Lutte sournoise pour la succession du maréchal Haftar (Libye)
le 23.04.18 | 12h00 Réagissez source : El Watan
Les observateurs redoutent que la succession de Khalifa Haftar provoque...
Les luttes de pouvoir semblent s’exacerber en Libye. C’est du moins le cas en Cyrénaïque où les prétendants à la succession du maréchal Khalifa Haftar, foudroyé par un AVC au début du mois, se livrent une guerre sourde.
La première personnalité à avoir fait les frais de cet affrontement sournois est l’actuel chef de l’état-major de l’Armée nationale libyenne (ANL), le général Abdelrazak Al Nadhouri. Pressenti pour succéder à Khalifa Haftar, il est le militaire le plus ancien et le plus haut gradé. C’est d’ailleurs lui qui dirige actuellement l’ANL. Le général Al Nadhouri a, en effet, miraculeusement échappé, mercredi dernier, à un attentat à la voiture piégé à Sidi Khalifa, une localité située dans la périphérie de Benghazi.
Un groupe terroriste a certes revendiqué l’attaque, cependant de nombreux analystes imputent la tentative d’assassinat aux cercles qui s’opposent à sa promotion en tant que commandant de l’ANL. Cet ancien colonel des forces spéciales de l’armée d’El Gueddafi a pourtant l’avantage d’avoir le soutien de nombreux pays, dont la Russie, l’Egypte, les Emirats arabes unis et l’Italie, qui voient en lui un candidat «sérieux» et «un partenaire efficace dans la lutte contre le terrorisme».
Les autorités françaises n’ont rien contre lui, mais il semblerait, selon des sources libyennes, qu’elles lui préfèrent le chef des opérations de l’ANL, le général Abdeslam El Hassi. Des informations éparses soutiennent que les Turcs et les Qataris ont également activé leurs réseaux dans le but de peser sur la succession. Les gens qui veulent voir Abdelrazak Al Nadhouri éjecté du circuit sont donc nombreux aussi.
Au-delà de la guerre d’influence que peuvent se livrer certaines puissances en Libye pour imposer «leurs hommes» au sommet de la pyramide du pouvoir dans l’Est libyen, il faut savoir que les opposants au général Al Nadhouri se recensent aussi parmi certaines tribus, ce qui a pour effet de rendre la situation encore plus complexe et surtout plus dangereuse. Il n’est pas exclu, en effet, que le retrait de Khalifa Haftar de la scène politico-militaire crée une nouvelle donne sur le terrain en Cyrénaïque.
Guerres d’influence
Une succession cataclysmique du chef de l’ANL peut, par exemple, causer une fracture au sein de l’Armée nationale libyenne. Un expert du dossier libyen soutient que ce scénario catastrophe n’est pas à exclure, surtout que Khalifa Haftar n’a pas réussi à créer une armée homogène. Malgré ses victoires sur le terrain, l’ANL reste en effet une institution fragile car constituée de groupes idéologiquement divergents. La montée au créneau la semaine dernière des salafistes libyens confirme d’ailleurs cette fragilité.

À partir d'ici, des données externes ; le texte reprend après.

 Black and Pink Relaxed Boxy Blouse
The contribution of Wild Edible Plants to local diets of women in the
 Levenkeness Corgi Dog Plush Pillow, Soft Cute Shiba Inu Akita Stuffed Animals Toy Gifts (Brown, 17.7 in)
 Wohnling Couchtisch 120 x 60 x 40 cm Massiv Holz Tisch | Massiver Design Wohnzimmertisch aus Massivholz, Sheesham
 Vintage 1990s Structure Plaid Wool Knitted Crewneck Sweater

Mécontents d’être tenus à l’écart du débat sur la succession, ils ont d’ailleurs appelé dimanche dernier le Parlement à dire la vérité sur Haftar et à procéder sans plus attendre à son remplacement dans la transparence. Il est certain que le chef du Parlement de Tobrouk, Aguila Salah, ait pris l’injonction de ces salafistes au sérieux. Il doit savoir mieux que quiconque qu’ils constituent une part importante de l’ANL et que sans eux il ne tiendrait pas 24 heures au pouvoir.
Le maréchal s’est beaucoup appuyé sur eux dans ses nombreux combats contre les islamistes à l’est du pays. Si demain ces salafistes décidaient pour une raison ou pour une autre de faire cavalier seul, il n’est pas certain que l’ANL puisse y survivre. Mais Aguila Salah n’est certainement pas le seul à se plaindre de la maladie de Haftar.

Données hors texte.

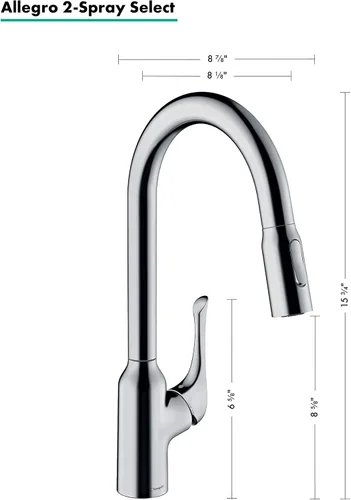 Miniatura 2 de hansgrohe Allegro N 71843001 - Grifo de cocina de arco alto cromado con rociador extraíble, grifo para fregadero de cocina, cromado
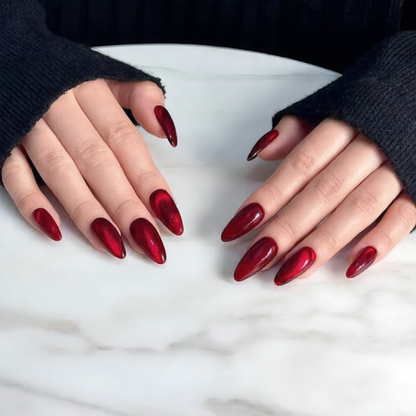Deep Red Almond Press On Nails – Luxury Hand Model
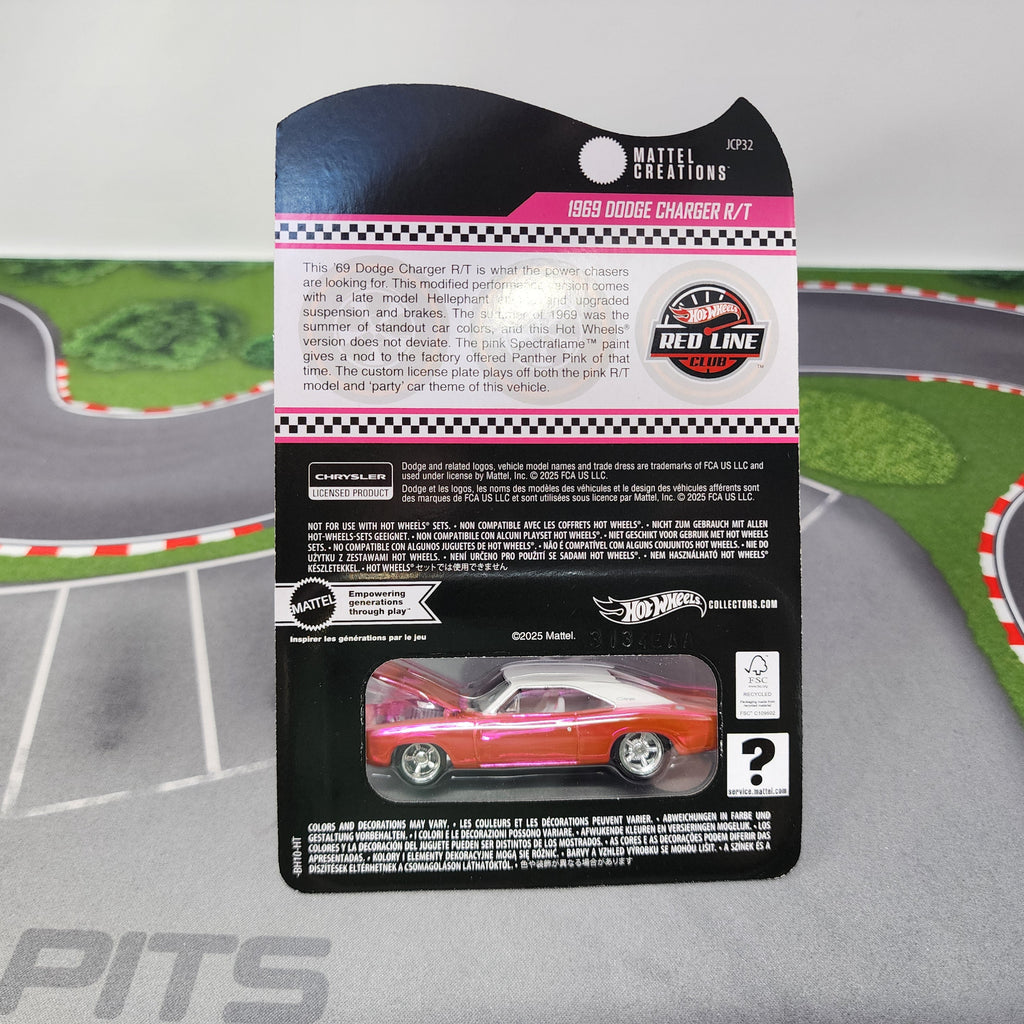 1969 Dodge Charger R/T * Pink Party Car * Hot Wheels Red Line Club RLC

L’hospitalisation de l’homme fort de l’Est libyen a dû brouiller aussi les cartes du représentant spécial du secrétaire général de l’ONU pour la Libye, Ghassan Salamé, qui avait notamment prévu cette année d’amender l’accord de Skhirat, de réconcilier les Libyens et d’organiser des élections générales. Et à l’heure actuelle, il doit certainement prier très fort pour que les séquelles de l’AVC dont a été victime Haftar ne soient pas irréversibles.